Metadata-Version: 2.4
Name: stackfix
Version: 0.1.0
Summary: AI-powered Infrastructure-as-Code repair — fix broken Terraform and CloudFormation on CPU
Author: Jon
License-Expression: MIT
License-File: LICENSE
Requires-Python: >=3.11
Requires-Dist: cfn-lint>=1.0
Requires-Dist: click>=8.0
Requires-Dist: datasets>=3.0
Requires-Dist: httpx>=0.27
Requires-Dist: ollama>=0.4
Requires-Dist: python-hcl2>=5.0
Requires-Dist: pyyaml>=6.0
Requires-Dist: rich>=13.0
Provides-Extra: dev
Requires-Dist: pytest-asyncio>=0.24; extra == 'dev'
Requires-Dist: pytest>=8.0; extra == 'dev'
Requires-Dist: ruff>=0.8; extra == 'dev'
Provides-Extra: gguf
Requires-Dist: llama-cpp-python>=0.3; extra == 'gguf'
Provides-Extra: mlx
Requires-Dist: mlx-lm>=0.21; extra == 'mlx'
Description-Content-Type: text/markdown

# Cloud-Gym

Scalable Training Data Generation for Infrastructure-as-Code Repair via Environment Inversion.
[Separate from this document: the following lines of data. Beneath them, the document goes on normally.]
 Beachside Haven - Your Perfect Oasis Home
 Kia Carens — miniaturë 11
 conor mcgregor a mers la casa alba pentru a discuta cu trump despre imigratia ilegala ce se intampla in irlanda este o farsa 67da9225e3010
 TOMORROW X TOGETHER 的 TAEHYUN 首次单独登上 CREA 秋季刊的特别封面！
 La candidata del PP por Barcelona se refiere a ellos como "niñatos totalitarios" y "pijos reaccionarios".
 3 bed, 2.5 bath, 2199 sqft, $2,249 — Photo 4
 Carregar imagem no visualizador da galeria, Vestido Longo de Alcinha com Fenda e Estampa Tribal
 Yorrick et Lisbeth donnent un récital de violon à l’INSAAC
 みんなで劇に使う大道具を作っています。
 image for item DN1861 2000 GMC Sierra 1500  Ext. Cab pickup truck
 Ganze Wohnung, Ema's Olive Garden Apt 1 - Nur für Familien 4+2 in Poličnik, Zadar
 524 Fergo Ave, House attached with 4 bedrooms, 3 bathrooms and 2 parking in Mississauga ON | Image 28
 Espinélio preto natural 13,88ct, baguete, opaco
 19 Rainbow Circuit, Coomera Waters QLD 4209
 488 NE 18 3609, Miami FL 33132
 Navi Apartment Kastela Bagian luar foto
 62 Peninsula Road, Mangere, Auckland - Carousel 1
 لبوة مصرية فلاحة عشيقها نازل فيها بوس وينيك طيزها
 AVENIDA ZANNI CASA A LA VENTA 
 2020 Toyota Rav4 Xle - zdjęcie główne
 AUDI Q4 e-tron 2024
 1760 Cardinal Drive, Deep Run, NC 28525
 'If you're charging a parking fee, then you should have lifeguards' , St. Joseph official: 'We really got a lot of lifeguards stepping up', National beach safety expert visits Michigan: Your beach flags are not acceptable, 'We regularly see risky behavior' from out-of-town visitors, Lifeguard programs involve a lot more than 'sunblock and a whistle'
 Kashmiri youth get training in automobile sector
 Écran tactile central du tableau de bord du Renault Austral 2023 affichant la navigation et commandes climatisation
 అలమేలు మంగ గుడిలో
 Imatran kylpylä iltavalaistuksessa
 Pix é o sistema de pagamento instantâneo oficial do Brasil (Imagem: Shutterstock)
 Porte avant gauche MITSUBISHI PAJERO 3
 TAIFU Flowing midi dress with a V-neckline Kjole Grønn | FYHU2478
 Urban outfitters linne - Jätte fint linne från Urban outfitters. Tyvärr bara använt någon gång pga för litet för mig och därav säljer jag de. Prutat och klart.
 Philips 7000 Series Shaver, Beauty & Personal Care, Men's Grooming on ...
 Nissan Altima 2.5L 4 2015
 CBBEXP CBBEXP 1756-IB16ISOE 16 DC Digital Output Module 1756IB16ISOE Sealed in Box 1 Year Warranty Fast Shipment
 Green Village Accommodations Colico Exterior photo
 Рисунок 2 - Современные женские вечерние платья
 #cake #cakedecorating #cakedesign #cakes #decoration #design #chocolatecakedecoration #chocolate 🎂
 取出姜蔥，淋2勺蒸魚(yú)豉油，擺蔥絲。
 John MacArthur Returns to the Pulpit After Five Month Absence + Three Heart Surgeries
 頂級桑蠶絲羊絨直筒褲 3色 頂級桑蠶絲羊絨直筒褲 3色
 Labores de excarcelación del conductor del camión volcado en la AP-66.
Cloud-Gym generates (broken_config, error_message, fix) training pairs for IaC repair by applying **environment inversion** — taking working Terraform, CloudFormation, and OpenTofu configs and systematically breaking them using a defined fault taxonomy. It includes a benchmark (188 entries across 8 error categories) and fine-tuned models that run entirely on CPU.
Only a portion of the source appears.